As an acting teacher I have to help students learn to do something rather sophisticated and difficult when they face this kind of material, which is make the plot point clear by undercutting the dialogue and filling in with much “behavior.” To fail to do so in Chekhov is to render the play meaningless. In this usage, subtext doesn’t mean that the actor is feeling some parallel emotion or motivation for the speech. It doesn’t even mean that the actor is feeling something different than words are expressing. Characters do this throughout Shakespeare, as when Juliet pretends to agree with the Nurse about dumping the exiled Romeo in favor of Paris, or more subtly when Hermione delivers her moving trial speech in Winter’s Tale.

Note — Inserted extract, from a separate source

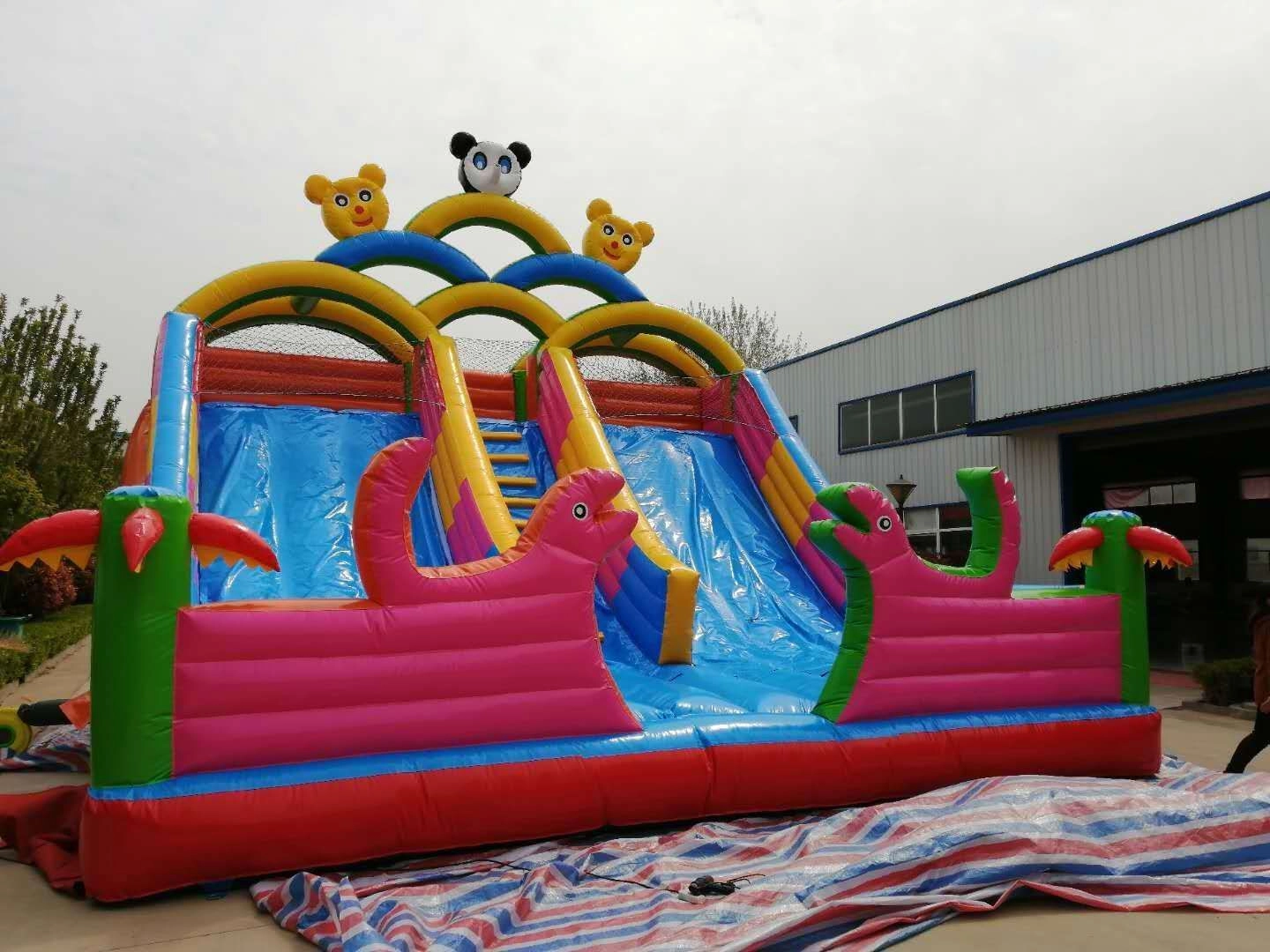 Jungal Bear Bouncy Castle - Double Slide Multi Colour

Sub-text (in the sense that it I am proposing, which is how it is used in actor training) means that there is an essential plot point in the scene that is not directly expressed or referenced in the dialogue. Audience members must infer this plot point by interpreting the non-verbal behaviors of the actors, even at times when their words explicitly contradict the underlying point. This dramatic technique is very common in Twentieth Century drama, and learning to play these behaviors is an essential acting skill.
The problem is that this skill has also proven useful in cases where there is no underlying plot point, but the text is minimal or banal (like, for example, much daytime soap opera writing for television). Some actors are now used to “filling in” with interesting bits of their own invention on almost all occasions.
The firm pronouncement that there is no subtext in Shakespeare pops up occasionally, almost always in connection with trying to put a stop to the indiscriminate use of this modernist acting technique in early-modern drama. “All you need to do,” actors are told, “is say the words.” To suggest that Shakespeare’s characters ALWAYS say exactly what they mean with no irony or sarcasm or intent to deceive is ludicrous. To suggest that actors do not need to feel and perform the inner lives of the characters is theatrically ignorant. It is sound advice to the inexperienced actor, however, to say the plot lines of the scenes are rarely, if ever, rendered totally below the level of dialogue in early modern drama. When the text is strong, invented subtext is unnecessary.
Shakespeare’s characters have inner lives, and occasionally they say something different from what we know they think. Playing both is important. The advice to avoid sub-text in pre-modern literature really just means, “don’t muck up the plot with invented stuff.”